# New rider from Ontario



## havocRider (Nov 25, 2010)

Hey guys, just thought id introduce myself here being a new rider and new to the forums. Ive only ridden once in my life and that was about 10 years ago lol. I was horrible at it so I just stuck with my snowblades, but now that I got myself a setup I wanna get into it. My buddy had a pretty good setup lying around and decided to sell it to me for a really good deal so I couldn't refuse . But ya heres some pics of the setup Ill be using this year. I believe the board is a 07 Ride Havoc 156 with Ride LS bindings and Burton freestyle boots. Enjoy.


----------



## Puggy (Oct 7, 2010)

Good shit brotha always good to see another shredder signing up from Ontario!
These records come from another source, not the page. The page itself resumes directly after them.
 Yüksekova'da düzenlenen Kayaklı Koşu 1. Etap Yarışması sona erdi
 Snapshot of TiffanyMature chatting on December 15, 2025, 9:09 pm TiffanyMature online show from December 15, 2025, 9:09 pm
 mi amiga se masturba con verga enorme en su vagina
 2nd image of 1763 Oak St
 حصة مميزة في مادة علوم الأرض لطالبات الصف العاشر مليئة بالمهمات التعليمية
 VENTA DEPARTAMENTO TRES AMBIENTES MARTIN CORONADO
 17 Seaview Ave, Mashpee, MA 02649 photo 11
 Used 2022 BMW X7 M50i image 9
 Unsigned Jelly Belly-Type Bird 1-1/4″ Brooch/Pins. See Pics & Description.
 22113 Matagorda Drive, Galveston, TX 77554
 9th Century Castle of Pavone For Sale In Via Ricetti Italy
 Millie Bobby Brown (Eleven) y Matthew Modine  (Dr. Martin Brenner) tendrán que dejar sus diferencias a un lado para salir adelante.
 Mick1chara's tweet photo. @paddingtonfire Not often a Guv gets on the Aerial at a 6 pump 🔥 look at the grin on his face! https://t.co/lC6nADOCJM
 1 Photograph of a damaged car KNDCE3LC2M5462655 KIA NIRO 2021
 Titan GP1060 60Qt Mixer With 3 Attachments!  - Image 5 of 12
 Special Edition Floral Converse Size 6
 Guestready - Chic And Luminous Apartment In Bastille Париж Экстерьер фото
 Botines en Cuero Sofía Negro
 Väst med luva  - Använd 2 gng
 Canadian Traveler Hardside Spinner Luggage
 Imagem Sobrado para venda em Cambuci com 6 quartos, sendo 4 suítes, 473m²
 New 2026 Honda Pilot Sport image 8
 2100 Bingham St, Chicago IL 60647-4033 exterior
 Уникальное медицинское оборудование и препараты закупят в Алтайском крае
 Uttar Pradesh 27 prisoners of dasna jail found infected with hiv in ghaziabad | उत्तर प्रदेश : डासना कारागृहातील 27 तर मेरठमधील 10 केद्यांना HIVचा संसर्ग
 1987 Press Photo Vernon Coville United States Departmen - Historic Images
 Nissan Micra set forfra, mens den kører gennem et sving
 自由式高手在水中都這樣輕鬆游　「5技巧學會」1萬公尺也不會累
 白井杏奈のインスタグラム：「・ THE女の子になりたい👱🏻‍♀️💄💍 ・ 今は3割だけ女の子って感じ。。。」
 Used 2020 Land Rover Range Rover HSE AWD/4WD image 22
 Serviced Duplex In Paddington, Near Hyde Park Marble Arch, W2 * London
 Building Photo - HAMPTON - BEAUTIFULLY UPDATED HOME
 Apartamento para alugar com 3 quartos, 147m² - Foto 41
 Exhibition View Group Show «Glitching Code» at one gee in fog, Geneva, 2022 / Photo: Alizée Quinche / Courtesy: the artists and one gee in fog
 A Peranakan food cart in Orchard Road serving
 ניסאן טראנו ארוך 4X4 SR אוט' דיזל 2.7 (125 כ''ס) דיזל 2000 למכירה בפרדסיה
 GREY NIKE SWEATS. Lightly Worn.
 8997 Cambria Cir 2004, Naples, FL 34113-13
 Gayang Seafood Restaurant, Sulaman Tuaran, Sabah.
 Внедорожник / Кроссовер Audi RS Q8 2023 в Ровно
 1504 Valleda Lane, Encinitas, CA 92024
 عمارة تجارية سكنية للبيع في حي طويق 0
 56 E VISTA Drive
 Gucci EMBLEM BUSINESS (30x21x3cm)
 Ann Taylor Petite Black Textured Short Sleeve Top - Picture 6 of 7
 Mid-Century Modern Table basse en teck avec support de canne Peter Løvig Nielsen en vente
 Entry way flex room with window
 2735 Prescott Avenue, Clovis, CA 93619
Got any questions give the Forum a shout and most of the time they can help, or at least humor you with their attempts!


----------



## havocRider (Nov 25, 2010)

Thx brotha! And I will definitely be needing help this season haha, so ill come to the forums for sure if i need some! Ahh where abouts in Ontario do you hail from?


----------



## Puggy (Oct 7, 2010)

North Bay... boring area to say the least... that's why I'm heading to BC for xmas break... might be dragging some of my friends to Moonstone in spring theres some other guys in here that shred there so might try and go see them.


----------



## havocRider (Nov 25, 2010)

BC is where its at man! Im actually planning to move there in a couple years with a couple friends. Ive never been but I might be going next spring to check it out living wise and get some boarding in. Ya I think ill be going to moonstone the first day it opens which I believe is within the next couple weeks or so. Gonna get a blue pass tho for this year. Can't wait to shred the hills...well try to at least haha.


----------



## notter123 (Nov 11, 2010)

Out west is overrated................hahah im just kidding dont worry, I'm from london currently residing in hamilton as well so welcome to shredding bro, i just got hooked last year and went to moonstone a couple times, already got 2 blue trips planned and going to moonstone on reading week in february so gonna be a good year hopefully! anyways dont wanna threadjack here, welcome to our amazing sport and lets get some snow here!


----------



## Puggy (Oct 7, 2010)

Ya I'm looking to move out west in 2 years or so once I get all my paramedics schooling done... I'll let ya know how whistler is haha... heard their nightlife is next to none!


----------



## SAddiction (Feb 21, 2009)

Nice pants! Enjoy the new gear bro, you'll be addicted soon enough!


----------